En outre, les investissements importants dans la qualité de vie de la population qu’il s’agisse de la santé ou de l’éducation offre à l’Union européenne la capacité de tenir la course internationale dans laquelle elle est engagée aux côté des autres puissances mondiales, émergentes ou non. Son patrimoine culturel et scientifique, la diffusion outre-mer d’au moins quatre de ses langues – anglais, espagnol, français et portugais – lui assure un rayonnement mondial et une position d’avance dans les économies du savoir où contenus et connaissances sont l’enjeu des échanges. Par ailleurs, l’ancienneté des liens diplomatiques des pays européens avec la plupart des Etats du monde, leur participation à de très nombreuses enceintes multilatérales sont autant de relais et forment un maillage d’une densité exceptionnelle.

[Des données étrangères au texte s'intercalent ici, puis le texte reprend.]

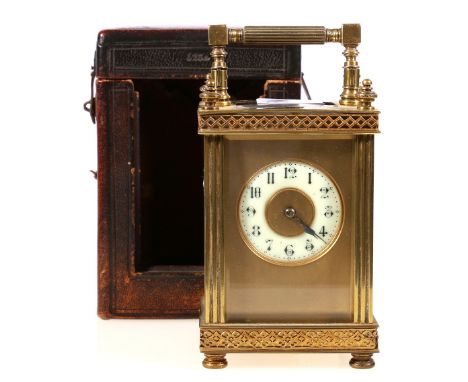 Victorian French brass carriage clock, retailed by Howell James & Co., with pillar case and enamel Arabic dial, striking on a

Bien sûr, une telle position peut paraître moins solide quand on prend en considération les faiblesses du continent. La démographie est l’une des principales. L’Europe continentale n’a cessé de voir sa part dans la population mondiale se réduire. En 1950, avec 544 millions d’habitants, elle en représentait 21,6%, puis 11,3% en 2005 avec 730 millions d’habitants et autour de 9%, demain en 2025, avec une première baisse de population estimée à 720 millions d’habitants. La part déclinante de l’Europe dans la population mondiale ne cessera de se réduire d’ici à 2050. Néanmoins avec 500 millions d’habitants, la seule Union européenne se situe au troisième rang des « puissances » les plus peuplées, derrière la Chine et l’Inde. Plus grave, de nombreux pays européens connaissent des taux de fécondité souvent inférieurs à moins de 1,5 enfant par femme. Cette chute affecte la plupart d’entre eux à un point tel que les populations de pays comme l’Italie ou l’Allemagne seront réduites de plusieurs millions d’habitants au cours des prochaines décennies. Si la France, le Royaume-Uni, l’Irlande et quelques pays scandinaves ont des perspectives d’accroissement naturel jusqu’en 2050, aucun d’entre eux n’assure pour autant le renouvellement des générations.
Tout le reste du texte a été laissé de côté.